REQUIRED WORK
Retype the entries, please, from their first line to the line containing "Hello everyone, this", exactly and only those lines, minus the pictures.

MATERIAL TO PROCESS
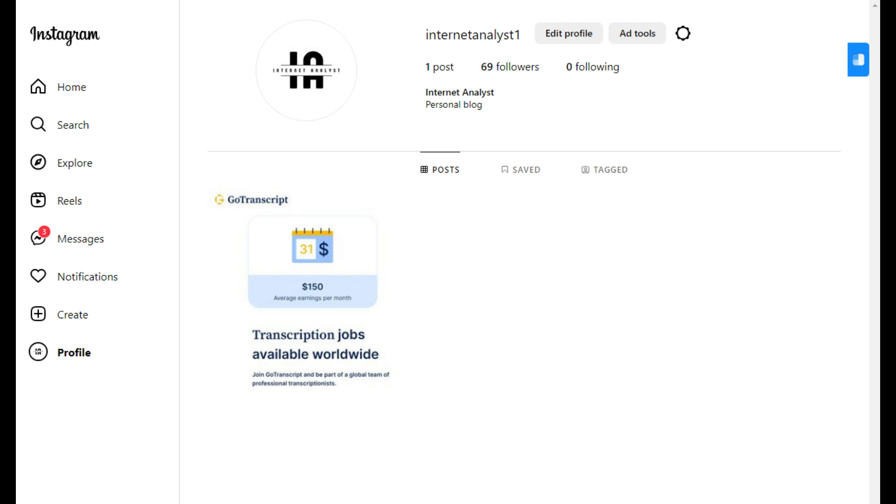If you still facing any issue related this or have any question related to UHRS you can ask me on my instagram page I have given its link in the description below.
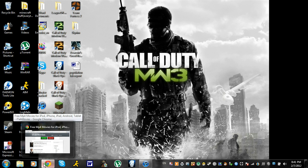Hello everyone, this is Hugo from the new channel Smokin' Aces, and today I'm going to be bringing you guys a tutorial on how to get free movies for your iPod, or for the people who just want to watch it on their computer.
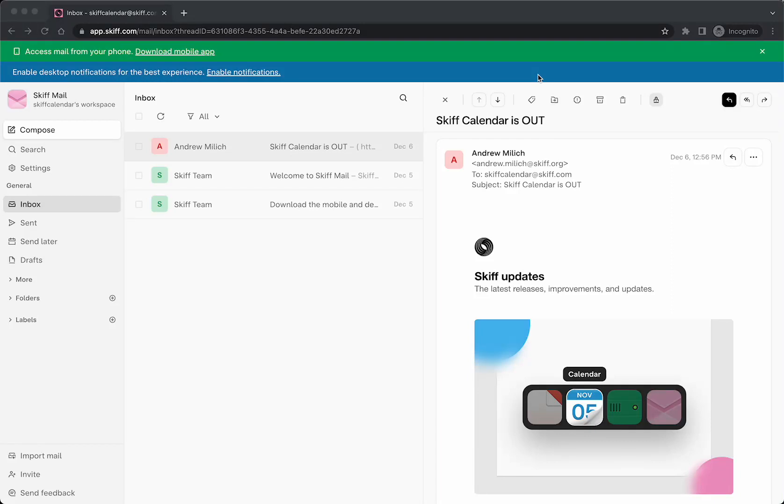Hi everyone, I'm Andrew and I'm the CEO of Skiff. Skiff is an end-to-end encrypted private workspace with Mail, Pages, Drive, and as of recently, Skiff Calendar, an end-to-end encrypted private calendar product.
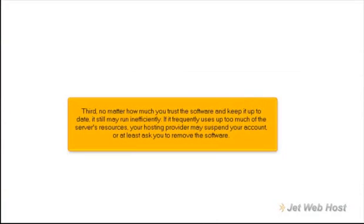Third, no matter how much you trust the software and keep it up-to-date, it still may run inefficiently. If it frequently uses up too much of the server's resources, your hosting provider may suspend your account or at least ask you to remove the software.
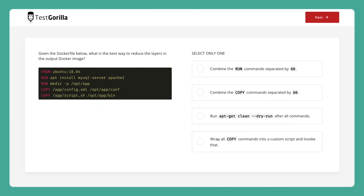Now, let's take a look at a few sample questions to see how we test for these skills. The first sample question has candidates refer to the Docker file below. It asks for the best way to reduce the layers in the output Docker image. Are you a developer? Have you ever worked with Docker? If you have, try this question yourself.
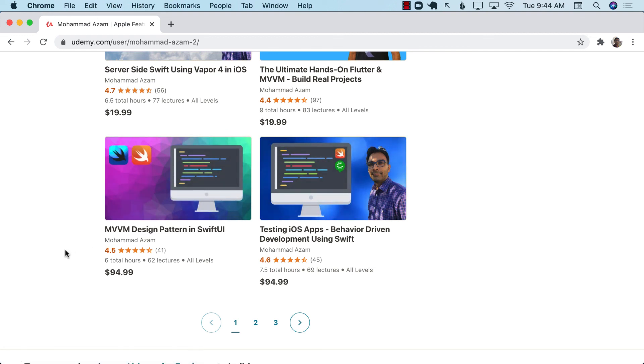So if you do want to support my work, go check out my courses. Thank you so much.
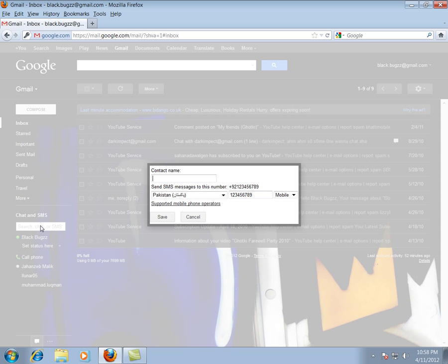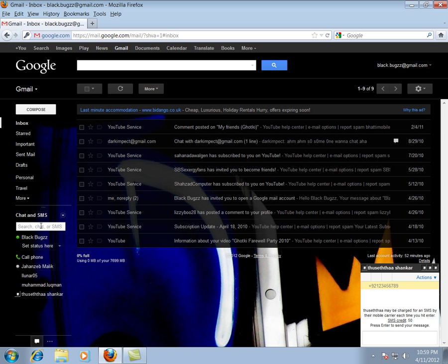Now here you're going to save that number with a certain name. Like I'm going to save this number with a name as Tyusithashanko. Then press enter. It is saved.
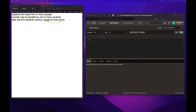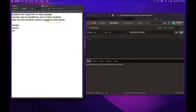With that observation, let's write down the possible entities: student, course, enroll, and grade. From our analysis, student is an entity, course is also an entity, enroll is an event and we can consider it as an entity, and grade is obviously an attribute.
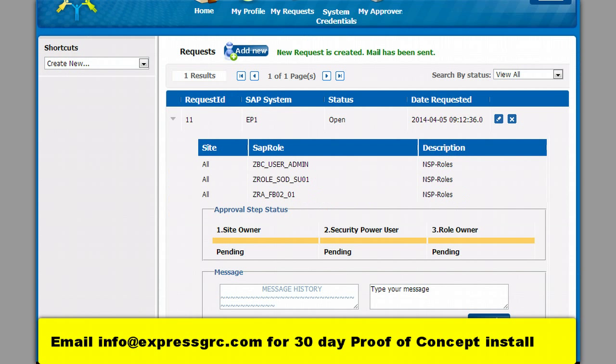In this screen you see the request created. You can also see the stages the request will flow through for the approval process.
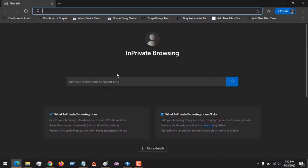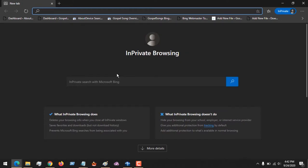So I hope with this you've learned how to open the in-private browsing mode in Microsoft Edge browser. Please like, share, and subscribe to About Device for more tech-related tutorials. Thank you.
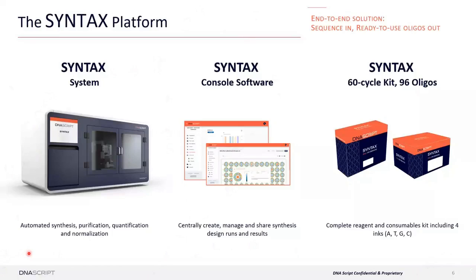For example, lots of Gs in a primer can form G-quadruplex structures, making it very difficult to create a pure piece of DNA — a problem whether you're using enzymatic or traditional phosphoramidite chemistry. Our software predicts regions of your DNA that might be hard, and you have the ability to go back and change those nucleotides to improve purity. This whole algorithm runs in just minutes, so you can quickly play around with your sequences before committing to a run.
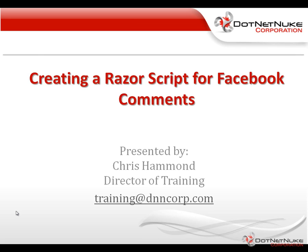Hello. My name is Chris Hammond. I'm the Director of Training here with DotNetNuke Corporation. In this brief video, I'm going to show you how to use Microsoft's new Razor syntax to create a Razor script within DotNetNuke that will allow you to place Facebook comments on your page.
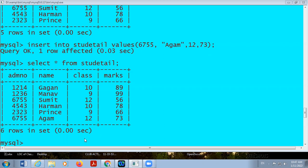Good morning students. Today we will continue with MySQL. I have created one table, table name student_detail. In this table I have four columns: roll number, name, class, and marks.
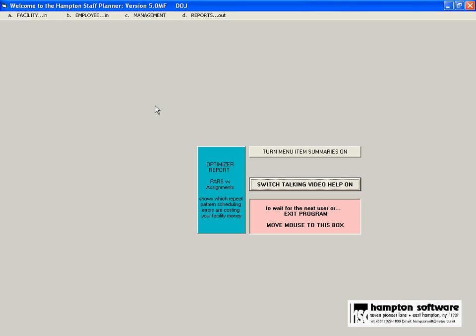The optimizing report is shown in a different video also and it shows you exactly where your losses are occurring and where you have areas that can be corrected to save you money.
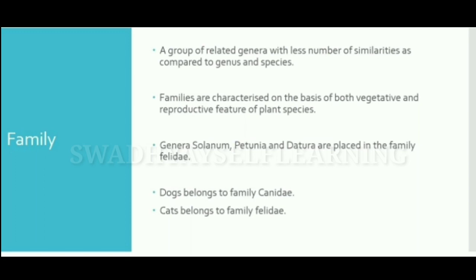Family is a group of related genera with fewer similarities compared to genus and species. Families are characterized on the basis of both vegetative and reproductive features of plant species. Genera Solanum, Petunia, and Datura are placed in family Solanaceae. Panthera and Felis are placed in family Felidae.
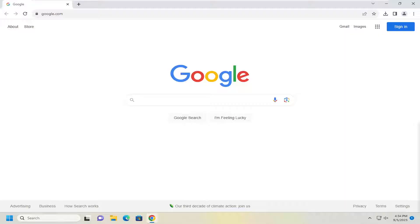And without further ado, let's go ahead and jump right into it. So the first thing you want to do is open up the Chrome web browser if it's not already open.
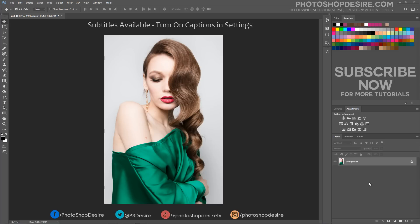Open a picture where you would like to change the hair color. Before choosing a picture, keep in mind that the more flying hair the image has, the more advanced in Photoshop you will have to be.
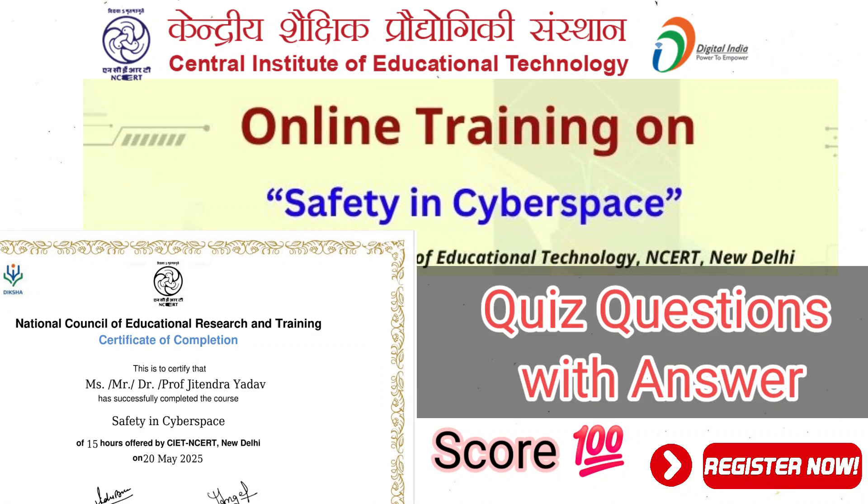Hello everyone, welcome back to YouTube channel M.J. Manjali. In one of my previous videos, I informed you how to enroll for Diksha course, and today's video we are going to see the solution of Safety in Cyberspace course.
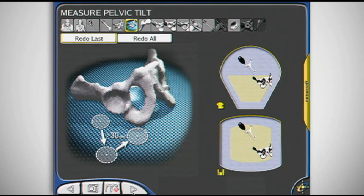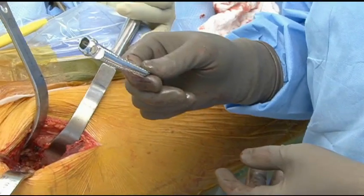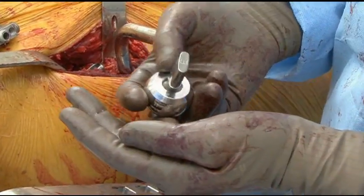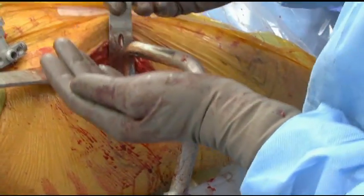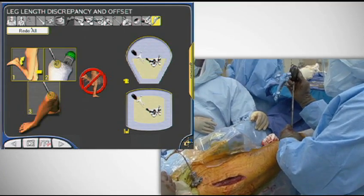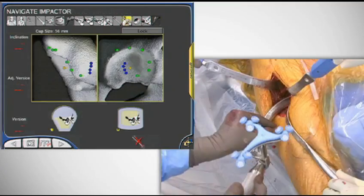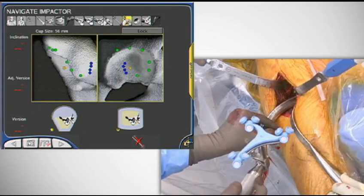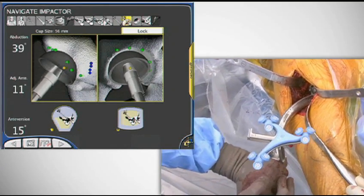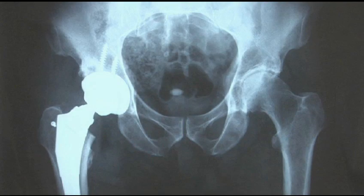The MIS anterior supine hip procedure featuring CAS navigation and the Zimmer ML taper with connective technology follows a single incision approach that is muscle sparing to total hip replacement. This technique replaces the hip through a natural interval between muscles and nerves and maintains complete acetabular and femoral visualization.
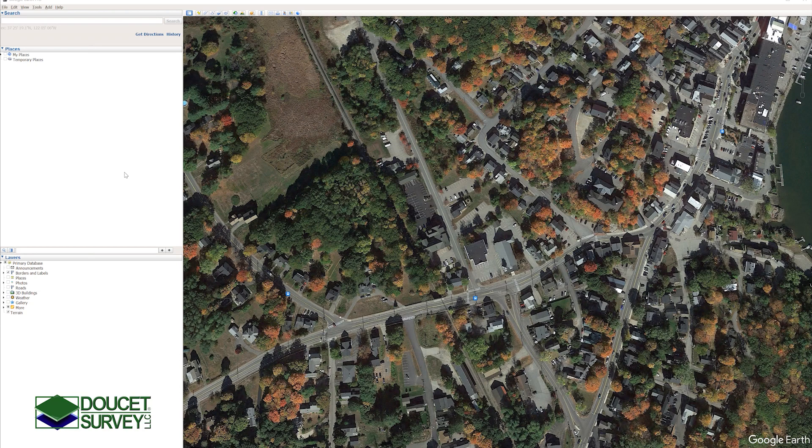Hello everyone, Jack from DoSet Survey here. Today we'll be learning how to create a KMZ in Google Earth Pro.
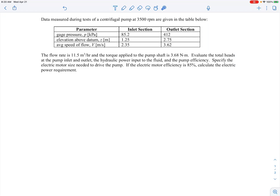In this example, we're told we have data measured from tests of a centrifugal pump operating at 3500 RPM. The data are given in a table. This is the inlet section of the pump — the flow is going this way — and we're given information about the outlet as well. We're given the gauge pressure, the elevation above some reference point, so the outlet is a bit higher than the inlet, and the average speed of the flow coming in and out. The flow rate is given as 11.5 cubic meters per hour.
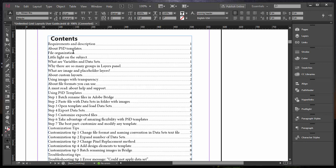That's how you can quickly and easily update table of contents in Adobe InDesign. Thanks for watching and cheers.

RESULT OF THIS TASK
If you still facing any issue related this or have any question related to UHRS you can ask me on my instagram page I have given its link in the description below.
Hello everyone, this is Hugo from the new channel Smokin' Aces, and today I'm going to be bringing you guys a tutorial on how to get free movies for your iPod, or for the people who just want to watch it on their computer.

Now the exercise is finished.